From fort to prison camp
Fort Breendonk dates back to the beginning of the 20th century. The armoured concrete fortress is part of a defensive belt circling the strategic port of Antwerp. From 1 to 8 October 1914, during the First World War, it is heavily shelled and surrounded by German troops. It eventually surrenders as one of the last forts protecting Antwerp, leaving the latter to fall in German hands.
Between the two world wars the Fort remains a military quarter. When the Second World War breaks out, Leopold III, King of the Belgians, takes up residence in the building from 9 to 18 May 1940. The Fort then becomes the headquarters of the Belgian armed forces’ General Staff.
The Second World War supplies Fort Breendonk with its gruesome reputation. The German occupiers set up an “Auffanglager”, a prison used as a reception camp for mainly political prisoners. From September 1940 to August 1944, the SIPO-SD or SS police uses the venue to imprison some 3,600 people of about 20 different nationalities.
In the first year of occupation about half of the prisoners are Jews. Most of them disappear from Breendonk in 1942, when the German occupiers start using the Dossin Barracks in Mechelen as a “Sammellager”, a collection camp from which Jews, Roma and Sinti are deported to concentration camps.

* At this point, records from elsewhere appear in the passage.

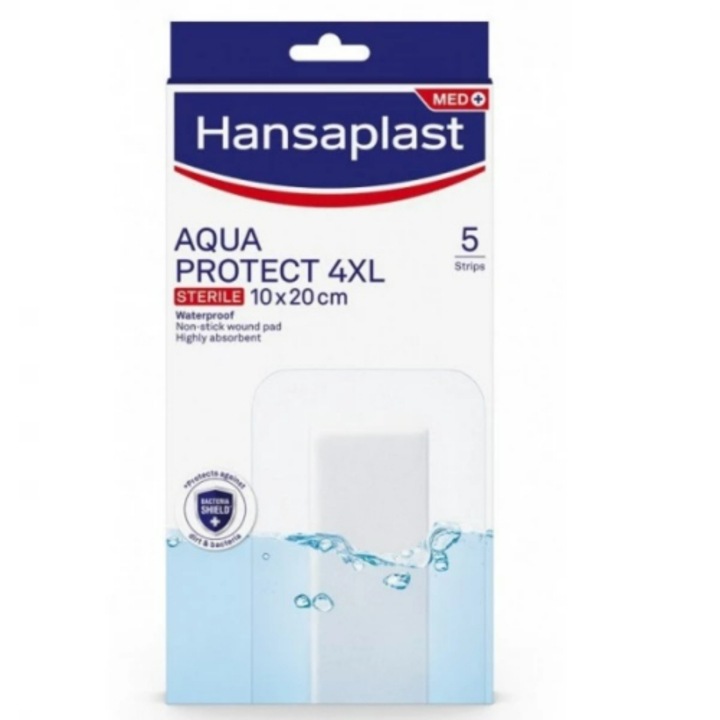 Set 5 plasturi impermeabili Aqua Protect, Hansaplast, 10 x 20 cm, Alb, 4XL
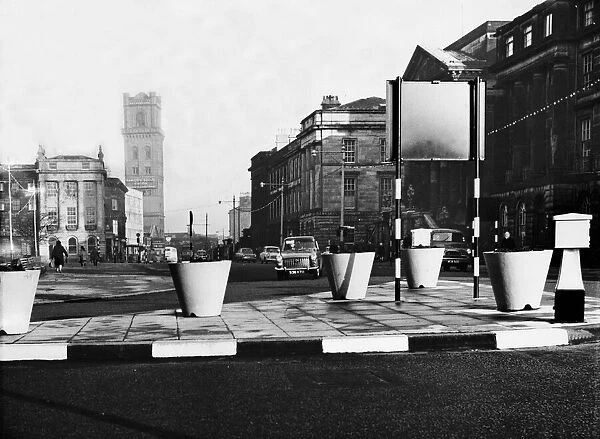 Concrete urns on Hamilton Square in Birkenhead, Wirral, Merseyside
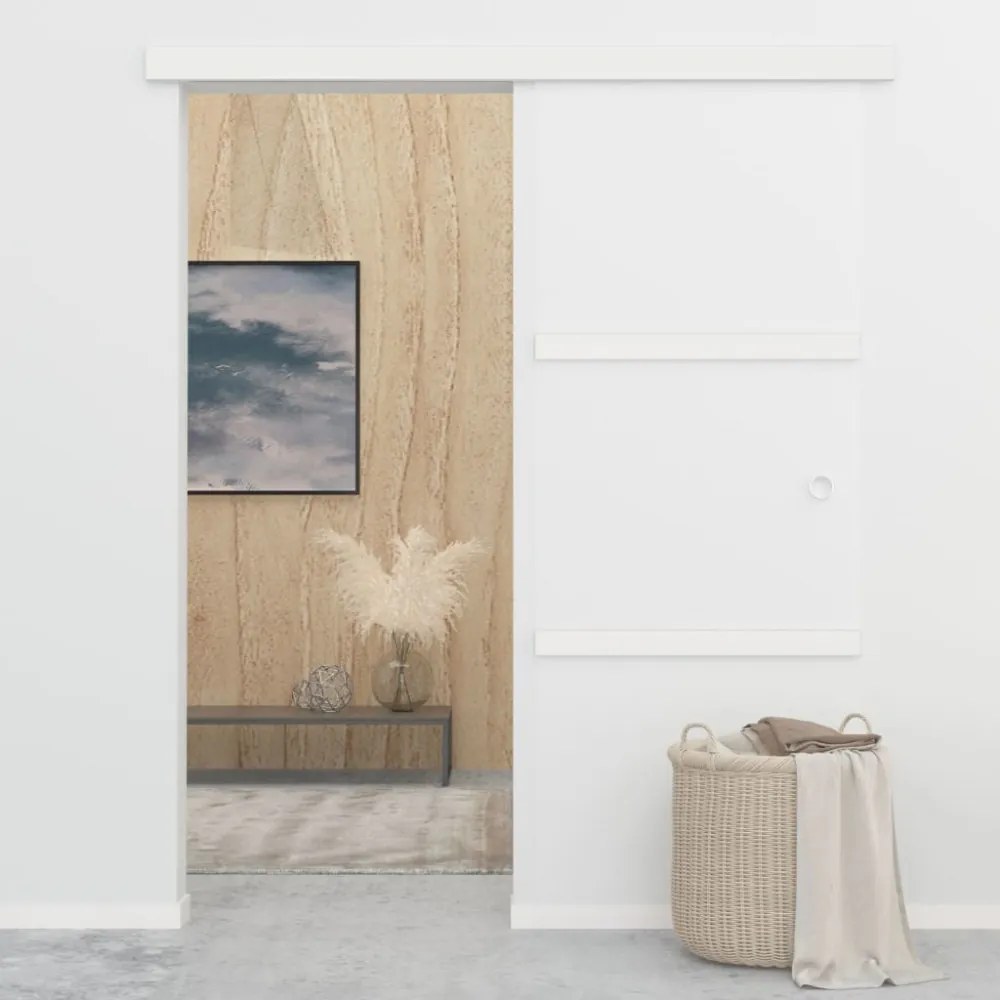 ezüst ESG üveg és alumínium tolóajtó puha ütközőkkel 76x205 cm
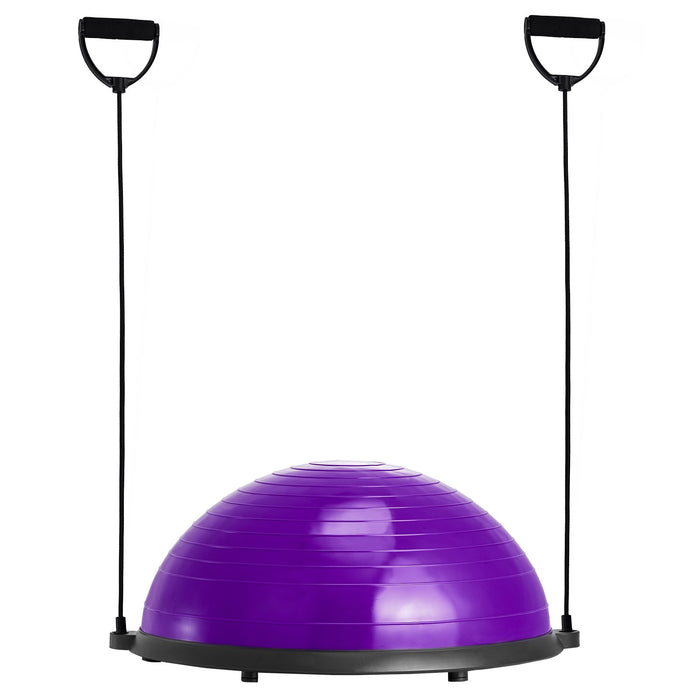 Half Exercise Ball Trainer 23 Inch Balance Ball Trainer 660Lbs Stability Ball Yoga Ball With Resistance Bands & Foot Pump Strength Fitness Ball For Home Gym Full Body Workout Purple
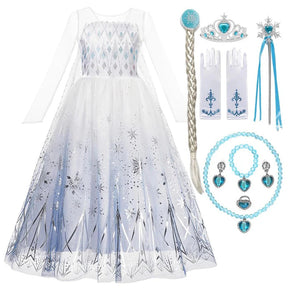 Fantasia Infantil Vestido Princesa com Acessórios incluindo vestido, coroa, varinha, cabelo, luvas e joias, perfeita para festas infantis e brincadeiras.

The Breendonk regime is extremely violent. Prisoners are subjected to humiliation, beatings, forced labour, malnutrition and torture from the get-go. A disadvantage is the Auffanglager’s small scale: as the number of prisoners never exceeds 6 to 700, it is next to impossible to escape the attention of the German or Flemish guards, if only for a moment. Disappearing in the crowd, as can be done in large camps, is not possible in Breendonk.
Over time, many Breendonk prisoners are deported to other camps: Auschwitz, Buchenwald, Dora, Mauthausen, Sachsenhausen, Vught, etc. Breendonk then becomes a “Durchgangslager” (transit camp), intended for the temporary internment of “Reichsfeindliche Elementen” (enemies of the Reich), pending their deportation.
Only about half of the prisoners survive the war. At least 101 people die from malnutrition, ill treatment or forced labour at Breendonk. Several hundred prisoners are hanged or executed at the Fort, usually as hostages.
From prison camp to memorial
On 4 September 1944, during liberation, the British come upon an abandoned camp. They temporarily use it as a German PoW facility. Soon afterwards, the Fort is once again used as a camp, in which resistance fighters imprison some 750 alleged collaborators over the following weeks. In this period, historically known as “Breendonk II”, the guards indulge in excesses as well. On 11 October 1944 Breendonk is evacuated. The last “incivics” are transferred to Mechelen. The Fort becomes an official Belgian State prison and definitively closes its doors on 17 June 1947.
Immediately after the war, voices are raised in favour of turning Breendonk into a museum, a place of pilgrimage or a monument. In the summer of 1947 the site is declared a National Memorial. Today Breendonk is one of the best-preserved camps in Europe and part of the War Heritage Institute.